Au début je travaillais parfois free hand parfois au calque , mais c'était plus pour prendre de l'assurance. Petit à petit c'est devenu élémentaire mais il n'y a pas vraiment d'école en tattoo, chacun fait un peu à sa sauce. Je me suis posé un peu et je me suis demandé de quelle manière je voulais exercer mon métier... Un dessinateur utilise une feuille, un peintre une toile, un tatoueur c'est la peau... Je dois avouer que je suis un peu psychorigide avec ça... Personnellement, je pense qu'un peintre qui utilise un rétroprojecteur a tendance à tricher. Je n'utilise pas de stencil, Photoshop ou de polices d'écriture tirées de Dafont, je préfère toujours le manuscrit : utiliser mes petites menottes, je trouve ça bien plus élémentaire même si ça limite parfois... J’ai choisi ce parti pris, ne travailler qu'à main levée même si parfois je me maudis.
Pourquoi te maudis-tu ?
Avec mes client.es, on se voit toujours la veille du tatouage, je dessine directement sur eux pour voir et le dessin émerge très facilement. Le lendemain, quand il faut refaire le dessin, tu n'es pas forcément dans la même énergie, le même état d'esprit...
Ton parcours aux Beaux-Arts a-t-il influencé ta manière de tatouer ?

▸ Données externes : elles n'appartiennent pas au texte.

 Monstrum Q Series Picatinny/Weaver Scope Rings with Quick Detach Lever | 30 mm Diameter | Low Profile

J'ai étudié le Design aux Beaux-Arts et j'ai terminé par une maîtrise à l'école de Toulouse. J'étais déjà amoureux de tout ce qui était “accident graphique” en général, tâches, coups de crayon, l'esquisse, c'est un quelque chose qui m'a toujours attiré par l'énergie que ça procure. Dans le design tu as ce qu'on appelle le rough - l’épreuve - dont le principe est un dessin fait très rapidement mais qui demande beaucoup de technique et d'attention: il y a des accidents graphiques qui peuvent se former à ce moment-là. C'est ce qui m'a toujours intéressé, le fait de reproduire une énergie: j'ai ensuite essayé de reproduire cette ambiance sur la peau, alors que le tatouage implique un travail lent et minutieux, mais je me plais bien là-dedans.

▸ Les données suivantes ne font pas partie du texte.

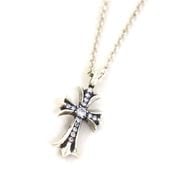 クロムハーツ ネックレス メンズ レディース CHROME HEARTS アクセサリー タイニー ファットクロス ペンダント パヴェダイヤ シルバー 202033746SLVXXX011|ブランド一覧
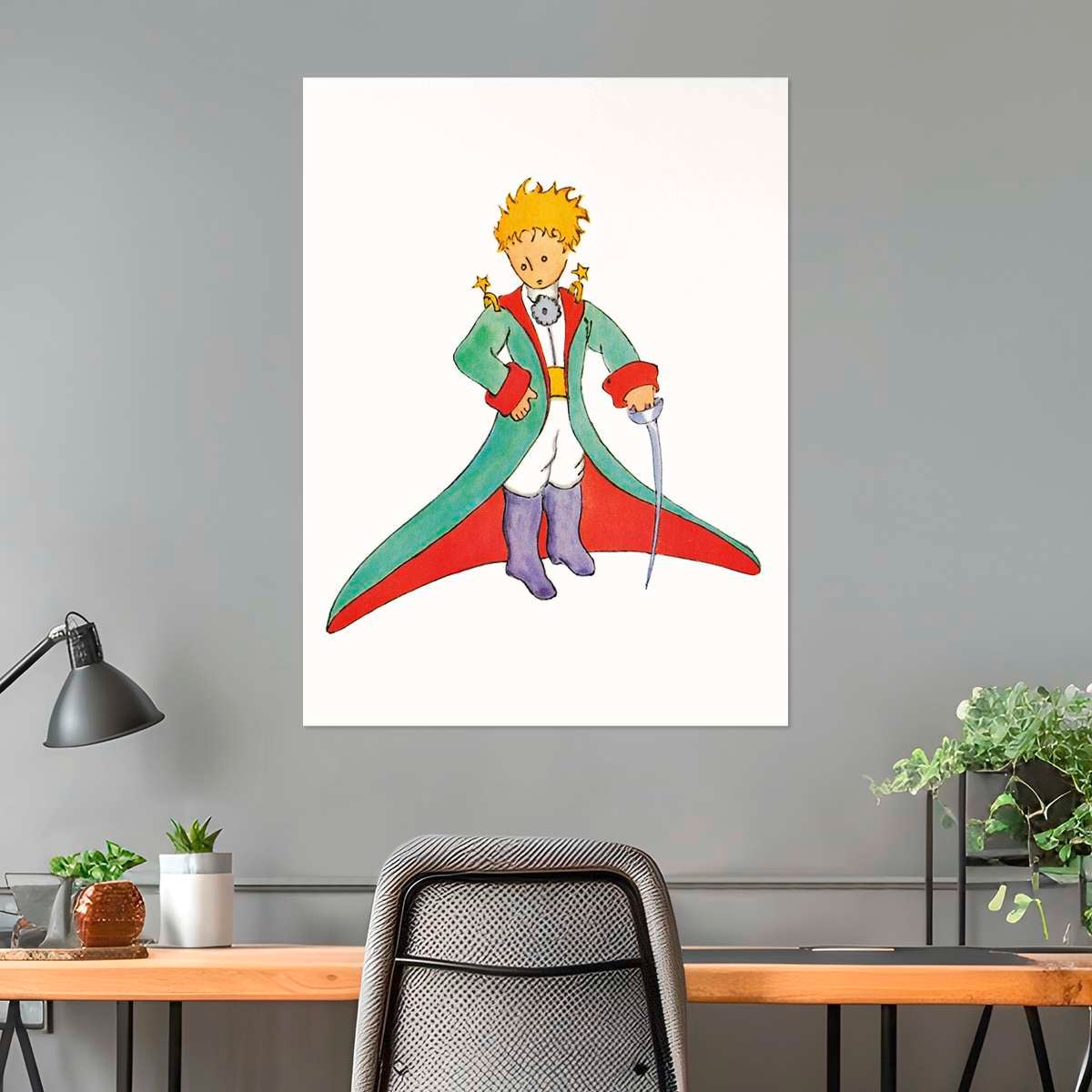 Affiche Petit Prince II, Antoine De Saint-Exupéry (impression sur papier, 40x30 cm, sans cadre) - 3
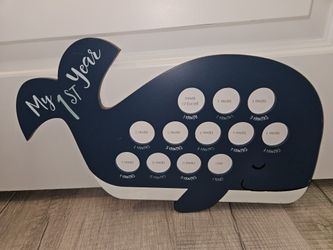 My First Year Whale Hanging Frame
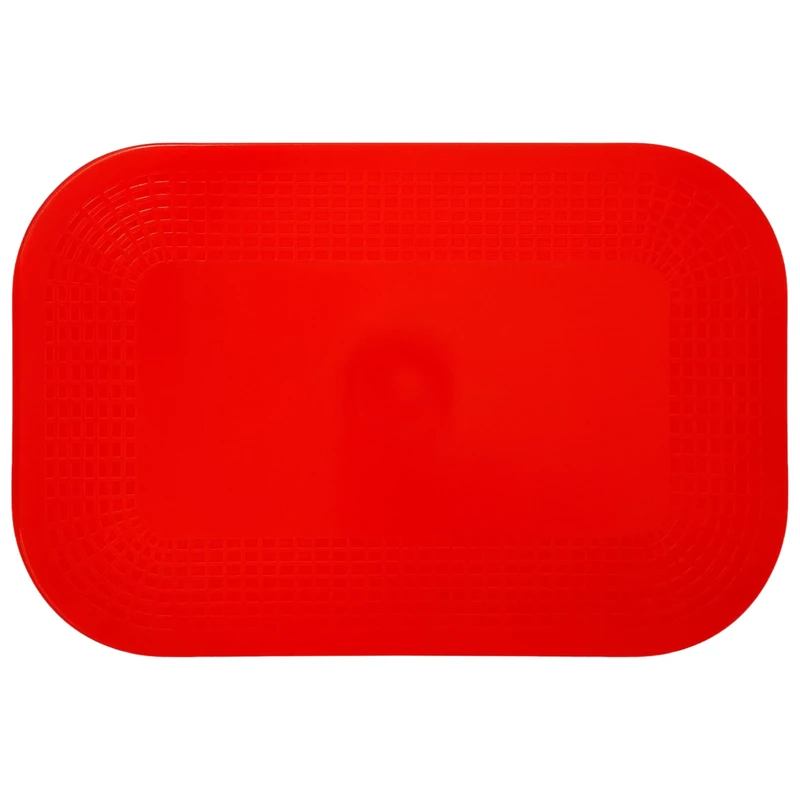 DYCEM Non Slip Rectangular Pad 38 x 45 cm, Red, Precut Adhering Pad, Grip Assistance, Non-Toxic, Prevents Objects From Sliding or Rolling, Ideal for Cups, Plates, & Eating Utensils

Tu étais précurseur dans ce domaine, à réaliser ce type de rendu?
Il y a une sorte « d'école française » ou francophone, qui est partie dans cette direction alors que ça n'avait pas été exploité jusque-là. On doit beaucoup à Yann Black qui a su casser les règles… Des tatoueurs tels que Jef Palumbo, Léa Nahon ou encore Navette ont contribué à cette nouvelle école. Aujourd'hui ça s'est démocratisé et on peut retrouver des tatoueurs d'exception à travers le monde. Je suis content si j'ai pu contribuer d'une petite pierre à l'édifice du tatouage moderne et si ça a pu inspirer les gens, c’est chouette !
Peux-tu évoquer quelques artistes picturaux de référence ? Klimt t’a déjà inspiré, y’en a-t-il d’autres?
Il y a un peintre catalan qui s'appelle Tapiès qui a réalisé des œuvres très minimalistes : des jetés sur une toile avec une ambiance, des teintes qui me plaisent beaucoup. Pollock aussi avec ses all over, ses drippings, avec ses mouvements, cette vitesse. Sans dire que je les vénère, graphiquement parlant, je me retrouve dans cette mouvance-là, et je m’y sens bien.
Un.e client.e t’a -t- il ou elle déjà demandé de t’inspirer d’un.e artiste « pictural.e » renommé.e mais dont il ne te paraissait pas possible de te saisir ? (genre j’adore Jérôme Bosch , j’en voudrais un dans le dos mais par toi ;-))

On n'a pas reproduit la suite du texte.